Ma mère devait à tout prix quitter la maison ; elle était brûlée à Cherchell et dénoncée auprès de Costes. Elle s’est rendue en car à Alger chez une parente dont le mari venait d’être arrêté ; celle-ci prit peur, s’excusa et refusa de l’héberger. Ma mère reprit le car et revint à Cherchell, dans un quartier à l’entrée de la ville, Mdoura, chez la famille Melhani Braham.
Dès cet instant, une surveillance constante et accrue s’est installée dans notre quartier et autour de chez nous. Je ne fréquentais plus l’école primaire, sauf la medersa, en fin d’après- midi.
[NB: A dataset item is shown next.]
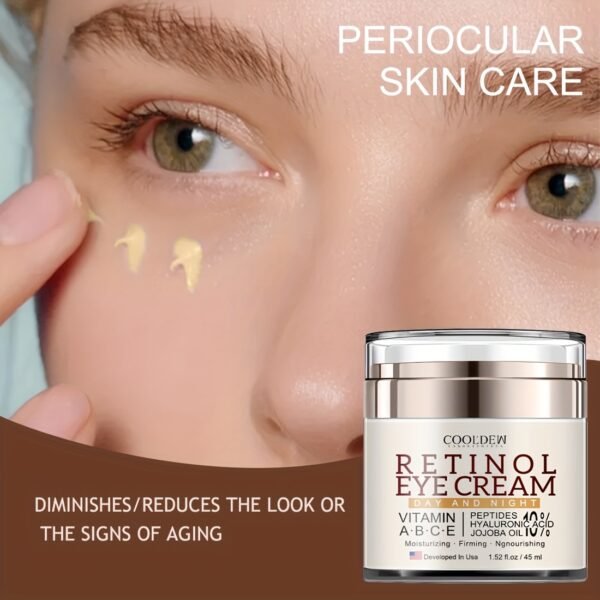 1Pc45Ml Retinol Moisturizing Eye Cream Containing Hexapeptide, Hyaluronic Acid And Jojoba Oil, Firming And Lifting Sagging Eye Area, Smoothing Eye Bags, Deep Moisturizing, Light Texture, Advanced Compound Rose Fragrance, Suitable for All Skin Types - Image 6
Quelques jours avant le ramadan, j’entendis des murmures à l’étage ; mon beau-frère était là et ma sœur me dit : « Monte ! » Ma mère faisait sa prière et je ne l’avais pas vue rentrer ! En fait, elle avait escaladé le mur des voisins Dar El Miliani. J’entendais des conciliabules entre ma mère et mon beau-frère : « Que disent les Français ? Renseigne-toi ! Plus de 30 Cherchellois ont été arrêtés ! Costes est monté en grade ! »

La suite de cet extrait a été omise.